– We begin this week with a happy programming note: the Wide Wide Blog is now a member of the Classic TV Blog Association. Learn more about it and find links to many marvelous affiliated blogs here (and I’ll install the blogroll here as soon as I can find a way to make it play happy with the format I use here). It’s an esteemed group (which includes some friends of mine) and I’m happy to have the Wide Wide Blog in among these good folks and their work.
– Another happy note is that the manuscript continues to grow a little more each day. I set a goal of at least 100 words a day on it, and if I don’t get that done, it weighs on me (something about a work ethic that was instilled in me at a tender age). But it continues to grow and I learn new things all the time.
And sometimes, those things aren’t what they seem to be. One challenge a biographer faces is that when you’re dealing with any account, you’re dealing with a limited perspective. Memory does strange things. Four eyewitnesses will have four different accounts. (“Wow, Rashomon was an interesting movie.” “That’s not how I remember it.”)

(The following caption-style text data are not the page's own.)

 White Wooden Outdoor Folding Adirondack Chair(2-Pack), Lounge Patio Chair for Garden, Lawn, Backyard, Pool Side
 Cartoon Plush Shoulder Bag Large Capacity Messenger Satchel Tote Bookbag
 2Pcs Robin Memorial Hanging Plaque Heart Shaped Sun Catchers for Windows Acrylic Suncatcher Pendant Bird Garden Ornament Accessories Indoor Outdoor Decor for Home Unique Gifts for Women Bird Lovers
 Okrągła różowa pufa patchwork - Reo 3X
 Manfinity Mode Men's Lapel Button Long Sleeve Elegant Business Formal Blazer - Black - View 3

Sometimes we’re lucky in that we find documentary evidence that tells us how things actually went. For instance, one file contains a typewritten recollection Garroway wrote of that very first morning on Today, the last seconds before the show went on the air. He writes about how he “realized that I had better say something quickly of an inspirational nature, something wise and to the point, preferably with a little humor in it.” And it’s a great account…except what he says he said (“Good morning – it’s Today on NBC”) was nothing like what he actually said. And we know this because the kinescope tells us so:
But other times, we’re not as fortunate. And that’s where the biographer becomes a detective. How much can you find out about the circumstances? What was going on? Can you find newspaper clippings about whatever it is? (I’ll write next week about one particularly famous episode that took on a life of its own, one that has been incorrectly attributed to Today, that a newspaper search finally put the nails in.) Have others written about it? Are there photographs? If it involves a location, do those aspects add up? (Some claims are geographically impossible once you look at a map.) Did the building even exist then? You get the idea.

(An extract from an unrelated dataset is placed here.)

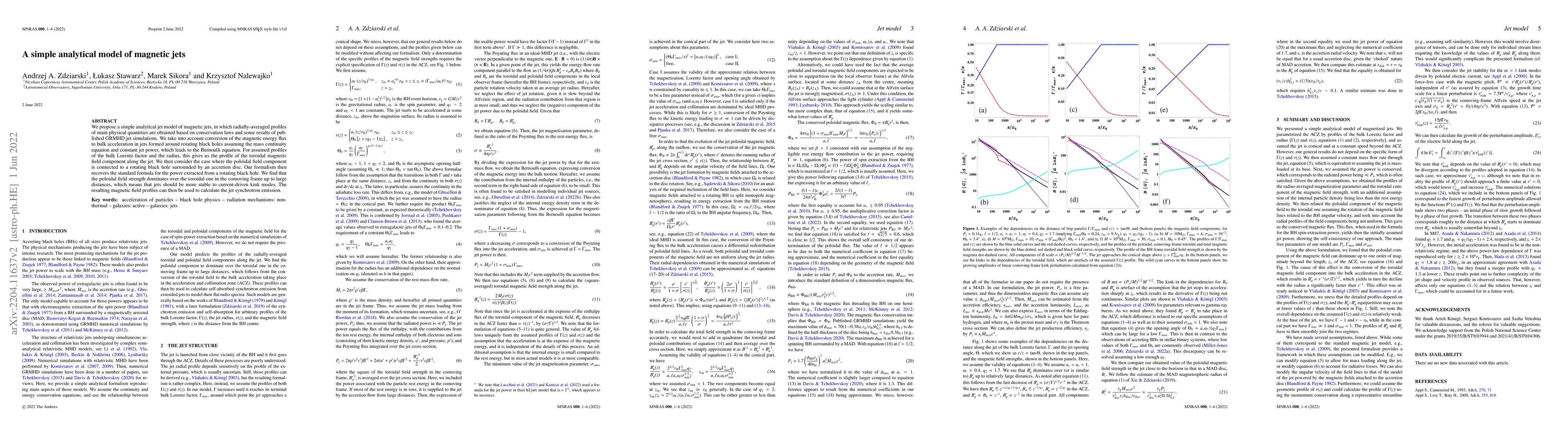 Thumbnail for A simple analytical model of magnetic jets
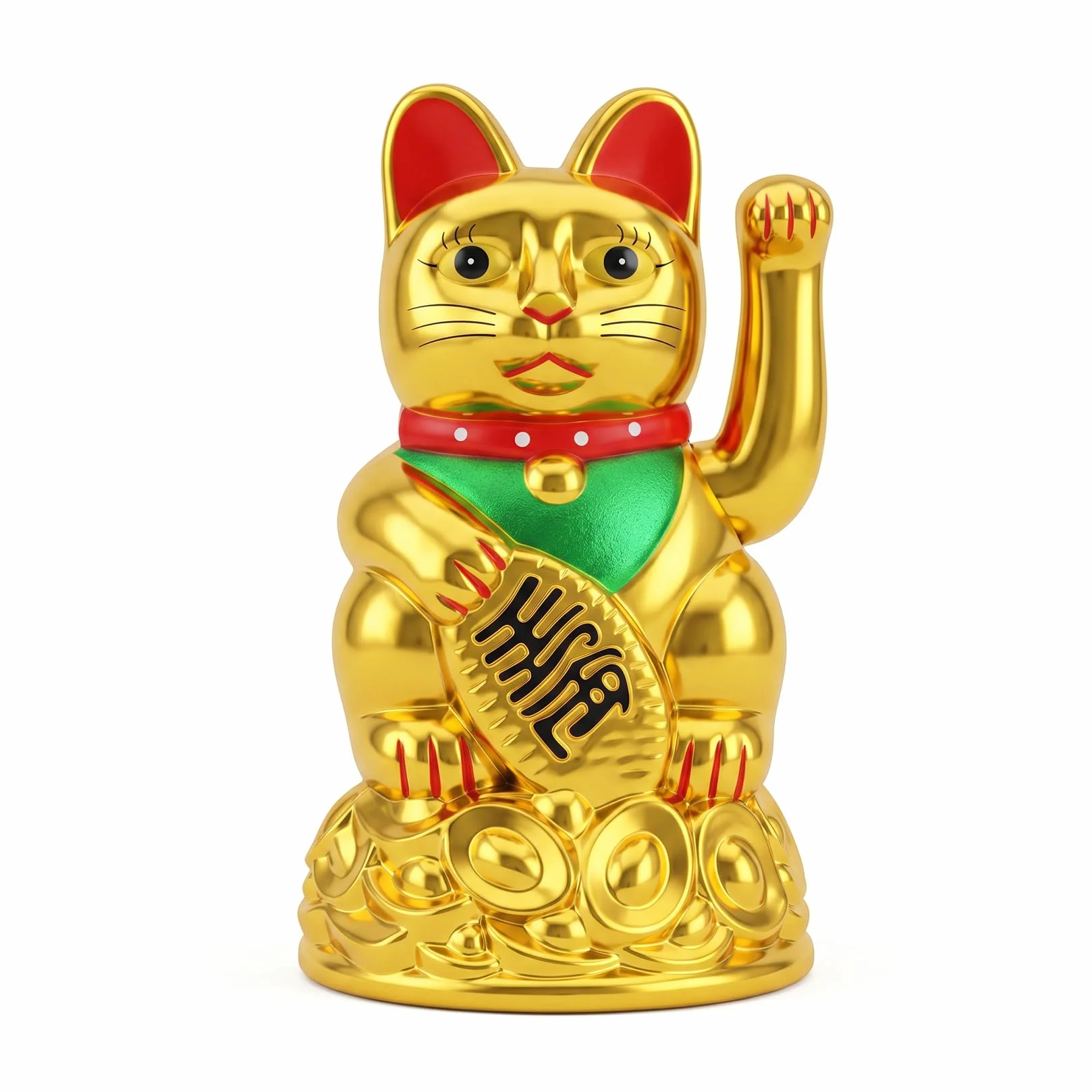 Starlet24 - Gatto portafortuna “Maneki Neko” con zampina che si muove, per feng shui, Plastica, gold, 11 cm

And sometimes you can’t find a definitive answer. What to do then? Well, sometimes you have to acknowledge the ambiguity. I had to do that in the book I just finished writing, when a family member claimed that the subject of my book had been involved in some covert operations. They were interesting claims and the account in question seemed oddly detailed, but I only had that relative’s claims to go on. All the physical evidence that would have nailed down the claim had disappeared decades before (and sadly, appears to have been thrown out along with other family papers when her children were going through her effects after her passing – not out of malice, not out of covering anything up, but out of one of those things that happens when effects are gone through and discarded after someone passes). The information was too good not to include, but I had to qualify it, acknowledging that it was based on a single source and that only a secondhand account backed it up, and though I found circumstantial evidence in my subject’s surviving papers, it wasn’t the more concrete substantiation I’d love to have had.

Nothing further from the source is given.